→ **Problem requirements**
Restate exactly the lines from the top of the listing below to the line containing "A brown curtain"; the remaining lines are not wanted.

→ **Dataset records**

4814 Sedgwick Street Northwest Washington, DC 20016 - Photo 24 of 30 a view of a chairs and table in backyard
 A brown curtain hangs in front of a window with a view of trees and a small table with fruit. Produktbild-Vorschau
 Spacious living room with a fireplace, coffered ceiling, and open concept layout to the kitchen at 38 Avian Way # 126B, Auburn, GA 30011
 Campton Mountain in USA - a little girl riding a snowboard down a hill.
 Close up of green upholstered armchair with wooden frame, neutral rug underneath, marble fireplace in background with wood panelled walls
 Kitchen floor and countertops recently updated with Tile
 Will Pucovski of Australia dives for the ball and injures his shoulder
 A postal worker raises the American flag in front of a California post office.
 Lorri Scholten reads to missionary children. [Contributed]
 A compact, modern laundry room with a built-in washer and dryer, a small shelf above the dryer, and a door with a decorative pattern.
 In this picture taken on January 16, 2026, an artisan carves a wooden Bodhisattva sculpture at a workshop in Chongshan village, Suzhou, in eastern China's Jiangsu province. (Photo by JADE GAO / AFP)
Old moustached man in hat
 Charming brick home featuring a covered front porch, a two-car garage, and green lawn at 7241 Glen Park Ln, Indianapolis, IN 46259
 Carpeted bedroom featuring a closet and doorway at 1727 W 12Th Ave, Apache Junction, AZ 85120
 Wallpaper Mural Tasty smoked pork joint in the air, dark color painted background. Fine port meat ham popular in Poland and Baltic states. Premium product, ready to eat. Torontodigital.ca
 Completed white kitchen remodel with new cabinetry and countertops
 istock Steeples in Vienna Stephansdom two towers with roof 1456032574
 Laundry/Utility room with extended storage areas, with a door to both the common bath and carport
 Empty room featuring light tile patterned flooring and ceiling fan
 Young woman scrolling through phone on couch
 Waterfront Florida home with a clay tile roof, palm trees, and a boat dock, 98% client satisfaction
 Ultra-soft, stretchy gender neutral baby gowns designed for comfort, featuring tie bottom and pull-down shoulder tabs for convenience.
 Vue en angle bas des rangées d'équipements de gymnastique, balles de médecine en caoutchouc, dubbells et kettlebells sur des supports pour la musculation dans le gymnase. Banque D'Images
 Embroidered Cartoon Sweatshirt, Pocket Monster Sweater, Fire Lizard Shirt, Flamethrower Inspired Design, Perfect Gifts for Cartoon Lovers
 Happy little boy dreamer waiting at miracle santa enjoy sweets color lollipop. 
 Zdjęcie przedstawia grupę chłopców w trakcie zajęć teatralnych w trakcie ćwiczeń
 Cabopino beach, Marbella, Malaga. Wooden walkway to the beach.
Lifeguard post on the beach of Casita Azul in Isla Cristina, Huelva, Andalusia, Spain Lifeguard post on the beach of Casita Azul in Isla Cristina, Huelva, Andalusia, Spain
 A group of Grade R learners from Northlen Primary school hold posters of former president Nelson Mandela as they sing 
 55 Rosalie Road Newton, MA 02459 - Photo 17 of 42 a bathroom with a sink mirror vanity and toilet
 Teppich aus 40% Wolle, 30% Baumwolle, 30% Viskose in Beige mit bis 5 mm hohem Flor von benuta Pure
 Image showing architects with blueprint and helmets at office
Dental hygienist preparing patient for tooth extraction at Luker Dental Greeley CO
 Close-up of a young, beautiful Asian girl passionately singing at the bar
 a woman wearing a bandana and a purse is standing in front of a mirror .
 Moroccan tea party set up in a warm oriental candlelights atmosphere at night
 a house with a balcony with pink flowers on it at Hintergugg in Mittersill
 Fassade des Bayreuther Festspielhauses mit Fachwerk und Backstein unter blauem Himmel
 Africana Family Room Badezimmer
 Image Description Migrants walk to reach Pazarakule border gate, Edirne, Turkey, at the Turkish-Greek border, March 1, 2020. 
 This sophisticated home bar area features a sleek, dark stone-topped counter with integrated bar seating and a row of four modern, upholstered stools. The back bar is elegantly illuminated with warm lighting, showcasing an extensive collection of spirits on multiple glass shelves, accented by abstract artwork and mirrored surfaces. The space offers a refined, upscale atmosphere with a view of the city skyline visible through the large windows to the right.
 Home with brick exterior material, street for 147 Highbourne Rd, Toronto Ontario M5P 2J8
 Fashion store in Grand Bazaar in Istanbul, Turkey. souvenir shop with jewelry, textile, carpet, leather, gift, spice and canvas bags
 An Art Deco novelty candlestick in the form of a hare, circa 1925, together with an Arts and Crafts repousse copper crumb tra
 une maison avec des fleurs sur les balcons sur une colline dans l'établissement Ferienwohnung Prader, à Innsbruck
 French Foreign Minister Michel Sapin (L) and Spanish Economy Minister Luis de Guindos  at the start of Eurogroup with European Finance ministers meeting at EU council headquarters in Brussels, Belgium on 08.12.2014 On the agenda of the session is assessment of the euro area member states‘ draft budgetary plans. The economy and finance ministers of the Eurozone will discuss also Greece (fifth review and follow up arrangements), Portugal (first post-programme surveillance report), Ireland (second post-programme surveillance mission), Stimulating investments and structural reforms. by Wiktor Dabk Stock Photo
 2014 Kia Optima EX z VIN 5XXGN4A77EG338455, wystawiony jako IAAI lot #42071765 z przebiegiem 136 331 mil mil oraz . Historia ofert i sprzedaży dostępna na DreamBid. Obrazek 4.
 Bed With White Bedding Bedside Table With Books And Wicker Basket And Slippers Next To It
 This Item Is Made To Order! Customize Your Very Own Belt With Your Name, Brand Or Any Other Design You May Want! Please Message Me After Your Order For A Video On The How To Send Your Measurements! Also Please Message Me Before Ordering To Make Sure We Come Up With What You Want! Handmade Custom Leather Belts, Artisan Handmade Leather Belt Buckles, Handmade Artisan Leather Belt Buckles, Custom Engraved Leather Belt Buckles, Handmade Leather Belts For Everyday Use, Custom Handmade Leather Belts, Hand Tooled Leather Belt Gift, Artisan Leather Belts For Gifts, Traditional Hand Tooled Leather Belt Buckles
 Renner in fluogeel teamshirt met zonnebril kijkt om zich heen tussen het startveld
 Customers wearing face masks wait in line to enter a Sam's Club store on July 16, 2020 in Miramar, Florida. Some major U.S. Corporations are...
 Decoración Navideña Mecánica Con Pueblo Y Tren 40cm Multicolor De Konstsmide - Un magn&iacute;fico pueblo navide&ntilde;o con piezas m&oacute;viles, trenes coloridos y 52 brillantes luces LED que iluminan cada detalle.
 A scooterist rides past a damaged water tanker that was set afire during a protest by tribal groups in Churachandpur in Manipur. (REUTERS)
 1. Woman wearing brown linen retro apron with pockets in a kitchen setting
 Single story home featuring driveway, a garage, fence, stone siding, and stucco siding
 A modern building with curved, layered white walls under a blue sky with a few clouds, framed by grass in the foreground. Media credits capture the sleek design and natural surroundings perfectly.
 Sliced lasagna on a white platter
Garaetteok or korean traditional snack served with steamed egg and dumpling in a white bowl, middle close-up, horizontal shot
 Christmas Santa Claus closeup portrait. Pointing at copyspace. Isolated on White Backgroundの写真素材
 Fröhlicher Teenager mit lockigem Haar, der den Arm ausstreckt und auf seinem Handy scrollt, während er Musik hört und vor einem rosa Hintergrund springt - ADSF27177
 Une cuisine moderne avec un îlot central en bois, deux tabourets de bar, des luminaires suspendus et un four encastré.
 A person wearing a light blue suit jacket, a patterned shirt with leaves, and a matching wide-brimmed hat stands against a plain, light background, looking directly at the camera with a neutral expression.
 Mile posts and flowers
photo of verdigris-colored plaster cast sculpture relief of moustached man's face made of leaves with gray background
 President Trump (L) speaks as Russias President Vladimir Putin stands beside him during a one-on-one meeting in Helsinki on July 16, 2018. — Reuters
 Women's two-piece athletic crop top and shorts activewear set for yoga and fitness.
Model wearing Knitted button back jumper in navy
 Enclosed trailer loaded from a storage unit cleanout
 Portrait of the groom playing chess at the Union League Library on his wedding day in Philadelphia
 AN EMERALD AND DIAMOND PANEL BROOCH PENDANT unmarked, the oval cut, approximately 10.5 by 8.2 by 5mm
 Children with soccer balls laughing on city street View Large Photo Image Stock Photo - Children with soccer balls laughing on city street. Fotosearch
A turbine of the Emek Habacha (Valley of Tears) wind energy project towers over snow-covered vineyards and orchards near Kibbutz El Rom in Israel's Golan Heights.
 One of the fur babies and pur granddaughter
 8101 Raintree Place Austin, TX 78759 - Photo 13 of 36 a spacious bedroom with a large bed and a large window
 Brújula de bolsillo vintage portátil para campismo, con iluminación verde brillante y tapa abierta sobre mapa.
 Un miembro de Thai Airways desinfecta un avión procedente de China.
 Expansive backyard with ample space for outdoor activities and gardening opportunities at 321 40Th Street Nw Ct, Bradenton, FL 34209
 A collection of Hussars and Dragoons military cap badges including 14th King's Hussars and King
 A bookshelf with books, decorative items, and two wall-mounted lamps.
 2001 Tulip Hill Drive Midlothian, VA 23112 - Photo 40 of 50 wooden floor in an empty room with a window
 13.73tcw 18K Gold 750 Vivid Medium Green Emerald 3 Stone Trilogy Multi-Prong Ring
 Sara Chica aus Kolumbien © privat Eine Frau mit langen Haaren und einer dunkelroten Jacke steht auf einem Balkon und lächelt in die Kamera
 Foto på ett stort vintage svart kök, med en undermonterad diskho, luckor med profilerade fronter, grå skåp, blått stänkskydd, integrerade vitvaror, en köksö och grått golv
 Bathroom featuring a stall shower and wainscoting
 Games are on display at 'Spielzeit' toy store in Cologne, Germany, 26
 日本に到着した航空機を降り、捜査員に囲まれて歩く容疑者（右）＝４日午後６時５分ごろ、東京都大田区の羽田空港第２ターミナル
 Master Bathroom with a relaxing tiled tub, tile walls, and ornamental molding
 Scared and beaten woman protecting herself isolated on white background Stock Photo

→ **Answer space**
4814 Sedgwick Street Northwest Washington, DC 20016 - Photo 24 of 30 a view of a chairs and table in backyard
 A brown curtain hangs in front of a window with a view of trees and a small table with fruit. Produktbild-Vorschau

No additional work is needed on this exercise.